We Begin
The text from my mother read, “This time forty-two years ago, I was feeling rather uncomfortable. It was worth it!”
It appears that the pain of childbirth has its rewards, and on the morning of my forty-second birthday, I am sitting overlooking the ocean, on the most easterly point of Australia, awaiting the dawning of a new day and contemplating the year that was.
I am lucky; I associate most of what I have learnt in life with what I hear of the process of childbirth. Giving birth is a different experience for everyone. The emotions involved vary, the pain may be immense, but the outcome for most is a true period of growth, awakening, insight, and development that hopefully develops and grows along with the child. I say I am lucky because it is this belief that every experience is an opportunity for growth that gets me through all that life throws my way.
More than six years single, with a mortgage and not much else, I was made redundant. February 24, 2010, my new life was born.

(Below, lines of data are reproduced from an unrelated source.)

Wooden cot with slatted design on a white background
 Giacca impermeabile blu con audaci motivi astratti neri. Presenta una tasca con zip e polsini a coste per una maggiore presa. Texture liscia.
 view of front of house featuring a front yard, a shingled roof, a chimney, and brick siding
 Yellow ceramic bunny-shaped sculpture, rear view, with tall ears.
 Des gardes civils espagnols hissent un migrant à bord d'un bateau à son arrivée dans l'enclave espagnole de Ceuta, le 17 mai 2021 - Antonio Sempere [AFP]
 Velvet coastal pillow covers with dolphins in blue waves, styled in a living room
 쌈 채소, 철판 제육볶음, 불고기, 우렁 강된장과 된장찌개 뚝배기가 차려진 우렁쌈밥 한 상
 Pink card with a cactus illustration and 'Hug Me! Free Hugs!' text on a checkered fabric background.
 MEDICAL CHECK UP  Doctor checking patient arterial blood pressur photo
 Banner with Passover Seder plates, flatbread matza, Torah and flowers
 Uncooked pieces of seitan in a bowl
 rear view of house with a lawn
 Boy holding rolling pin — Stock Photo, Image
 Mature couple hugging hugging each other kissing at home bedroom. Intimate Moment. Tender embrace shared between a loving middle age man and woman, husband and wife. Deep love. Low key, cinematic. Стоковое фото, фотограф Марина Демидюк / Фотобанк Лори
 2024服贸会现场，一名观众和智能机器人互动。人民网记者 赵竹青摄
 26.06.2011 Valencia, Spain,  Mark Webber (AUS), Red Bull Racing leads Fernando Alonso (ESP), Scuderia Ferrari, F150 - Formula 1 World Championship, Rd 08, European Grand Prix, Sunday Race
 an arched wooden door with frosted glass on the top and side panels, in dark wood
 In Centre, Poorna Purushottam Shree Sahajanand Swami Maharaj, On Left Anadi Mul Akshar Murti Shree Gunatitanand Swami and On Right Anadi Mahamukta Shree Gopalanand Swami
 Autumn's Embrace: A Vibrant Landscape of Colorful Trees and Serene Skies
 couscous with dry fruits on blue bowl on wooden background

With the news that I was out of work with a single week’s pay as compensation, I packed up my desk and headed home to face an uncertain future. That night I remember sitting on my lounge floor with my friend and telling her, “This is exactly where I am meant to be.” I have absolutely no idea how I knew that, but looking back one year later, I can see how that faith has held me in good stead ever since.
From that day of redundancy, I moved forward without fear and with few worries as I charted the new life I intended to live. I went through various processes, gained much clarity, and somehow always managed to maintain faith that things would work out for the best.
Having lost my job, I was determined to search for a role that would fulfil me. I soon realised how lucky I was to have seemingly stumbled across techniques that helped me understand what it was that I fundamentally wanted from my life and specifically how I wanted to spend my next twenty to thirty working years. As I went through the interview process for a new job, I realised that I had managed to gain clear insights into what was important to me in a career.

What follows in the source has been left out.